The other thing nobles do is make mandates. Mandates are demands by the noble for things to be done, like the production of certain goods, or a ban on the export of certain goods. It pays to try and meet the demands of your nobles or they may go crazy and cause all kinds of problems.
Lets have a look at nobles. Go ahead and hit
n. This is your noble
list, right now it should be fairly short, but in time it will grow.
Chances are it looks like this:
In most new fortresses only one dwarf is set as expedition leader. As the fortress grows more noble ranks will appear in this list and more positions will be filled. However we’ve been ‘lucky’ - one of our dwarves has become king, presumably because all the other candidates died. This is kinda cool, but a king can also be unreasonably demanding.

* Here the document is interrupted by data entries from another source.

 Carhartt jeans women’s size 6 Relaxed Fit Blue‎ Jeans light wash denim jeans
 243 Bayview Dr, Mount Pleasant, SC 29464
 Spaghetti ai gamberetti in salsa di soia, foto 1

Lets look at the king. Hit
Enter and you’ll see info about the
state of his stuff. Our king owns 14 objects, mostly clothes,
and has meagre quarters. Rooms and item he ‘needs’ are
in red, and things he has (but aren’t good enough) are in yellow.

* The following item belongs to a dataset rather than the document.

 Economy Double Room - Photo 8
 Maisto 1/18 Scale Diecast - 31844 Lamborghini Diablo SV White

Start building a sweet suite, and we’ll come back to him later.
Next job for you is to assign a book keeper. Usually, if you embark with at least one dwarf with the appraiser skill (good idea, by the way), this job would already be filled. But for now it’s vacant. This skill is what makes our stock count accurate (more on that later). Fortunately for us we can chose a dwarf to do the job. They might not be doing a good job at first (having no skill), but they will learn, and they provide a useful function, accurate stocktaking!

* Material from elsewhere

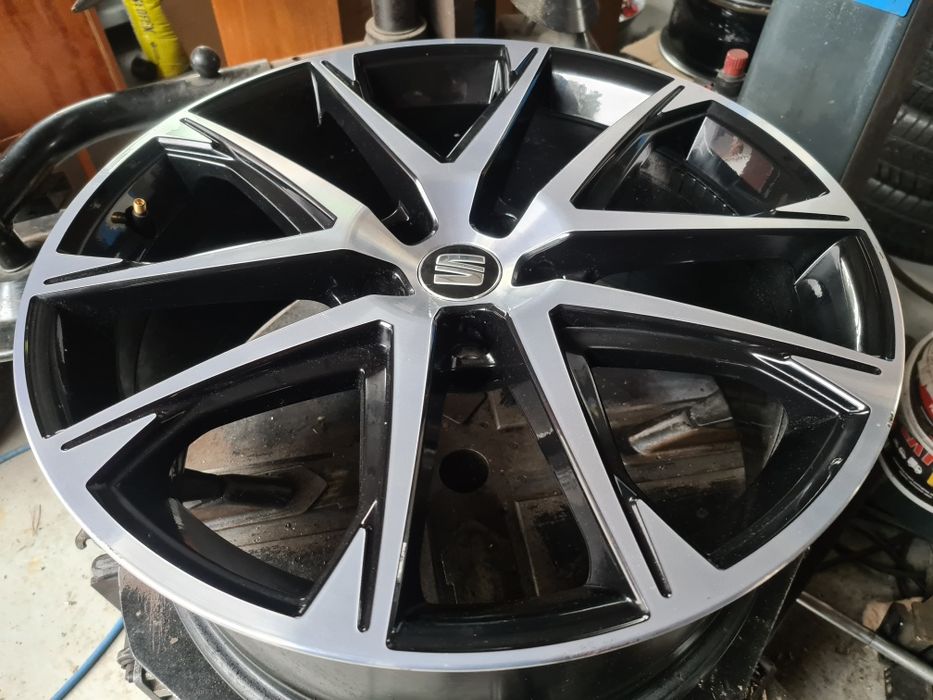 Felgi 5x112 8x19et45 Oem Seat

So, in the nobles screen use the arrow keys to scroll down to
Bookkeeper and hit
Enter. Find Eshtan and hit
assigning him to this job. The bookkeeper requires an office to work,
just as well we just assigned him one, right?
Next, with Bookkeeper still highlighted hit
s for settings
(the only noble role you can assign settings for). The screen you’ll see now
dictates how much time your dwarf will spend counting. Use the arrow to
scroll to Highest and hit enter. Eshtan will now work very hard to
get all our stock counts accurate!
Finally, let’s assign a room to our bookeeper - he’s not demanding any,
but it’ll be useful to know how when the royal rooms are finished.
q to see the room,
a to assign, select the dwarf in question,
Enter to set. Now go back to the noble list and you’ll
now see his holdings have changed!
There you go, a quick overview of nobles. As you play the game more you will have to deal with nobles a lot, but don’t worry, the Dwarf Fortress Wiki should provide you with heaps of tips and advice should you get confused.
7.2. Accounting is fun! Really!¶
We’ve mentioned stocks, but not discussed the stock screen yet, so lets
get to it now. Hit
z and you’ll see this screen:
Lets go over what you’re seeing here:
- Across the top are sub menu options. You can scroll through them
using the arrow keys (
→) and then hit
Enterto learn more.
- There’s a description of your wealth on the left. We can get more accurate details with a skilled bookeeper.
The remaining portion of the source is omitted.